Start of AVAILABLE DATA

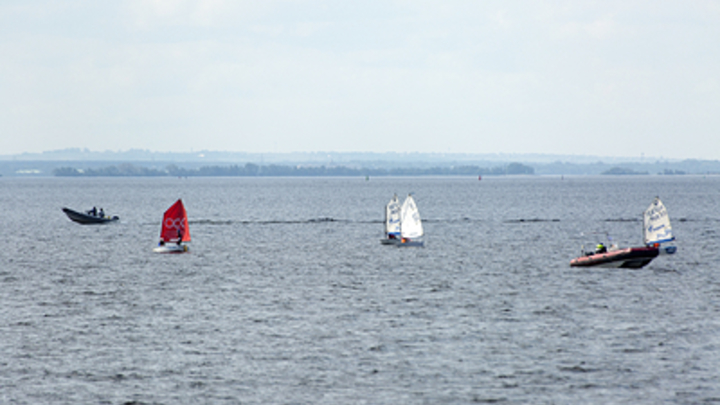 В Кронштадте шесть пассажиров перевернулись возле дамбы на лодке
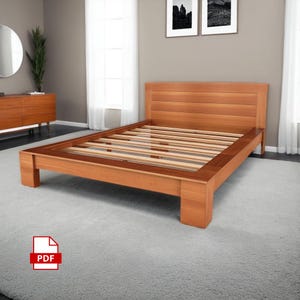 Puede incluir: Un marco de cama plataforma de madera con una base de listones y una cabecera con listones horizontales. El marco de la cama está hecho de madera natural y tiene un acabado marrón claro.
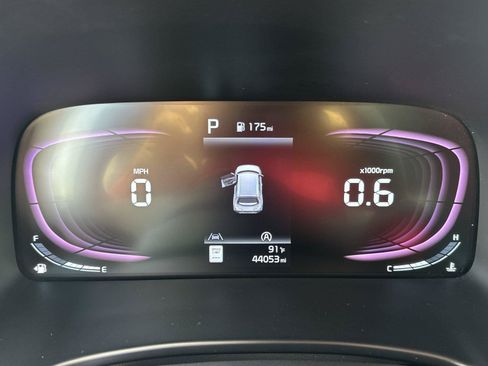 Used 2025 Kia Soul LX w/ LX Technology Package FWD image 12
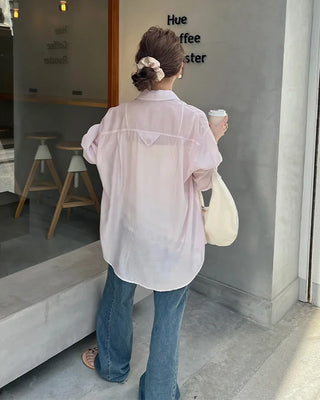 Loose-fitting pocket point sheer shirt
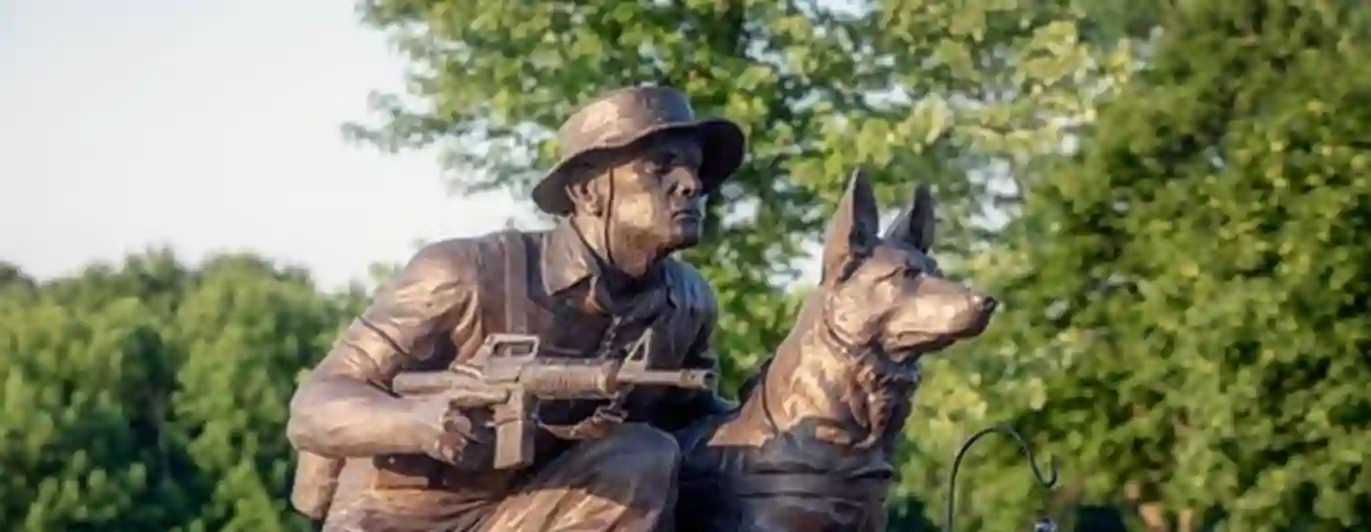 Staty föreställande soldat med hund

End of AVAILABLE DATA

| WHAT THIS TASK INVOLVES |
Write the entries out again exactly as they appear, with the pictures omitted.

| WRITTEN ANSWER |
 В Кронштадте шесть пассажиров перевернулись возле дамбы на лодке
 Puede incluir: Un marco de cama plataforma de madera con una base de listones y una cabecera con listones horizontales. El marco de la cama está hecho de madera natural y tiene un acabado marrón claro.
 Used 2025 Kia Soul LX w/ LX Technology Package FWD image 12
 Loose-fitting pocket point sheer shirt
 Staty föreställande soldat med hund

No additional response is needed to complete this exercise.